[ENTRIES SHOWN]
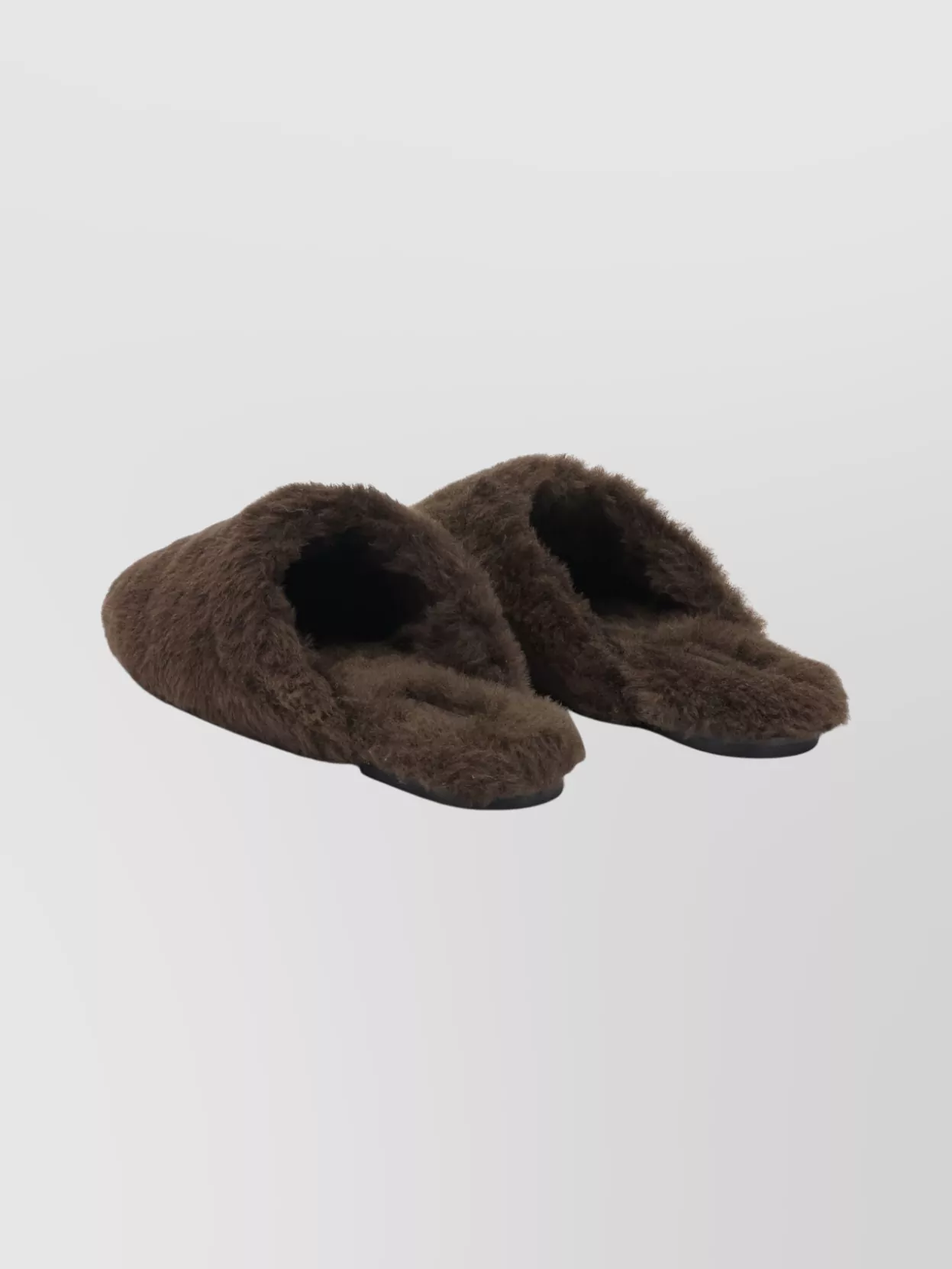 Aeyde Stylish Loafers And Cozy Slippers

...

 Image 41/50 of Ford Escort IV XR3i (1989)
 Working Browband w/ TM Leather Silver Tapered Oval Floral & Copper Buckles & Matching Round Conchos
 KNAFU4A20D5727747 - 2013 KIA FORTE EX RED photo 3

[WHAT TO WORK ON]
With the first line being the one containing "Working Browband w/" and the last line the one containing "KNAFU4A20D5727747 - 2013", transcribe exactly the lines above that fall in that range.

[ANSWER TO THIS TASK]
 Working Browband w/ TM Leather Silver Tapered Oval Floral & Copper Buckles & Matching Round Conchos
 KNAFU4A20D5727747 - 2013 KIA FORTE EX RED photo 3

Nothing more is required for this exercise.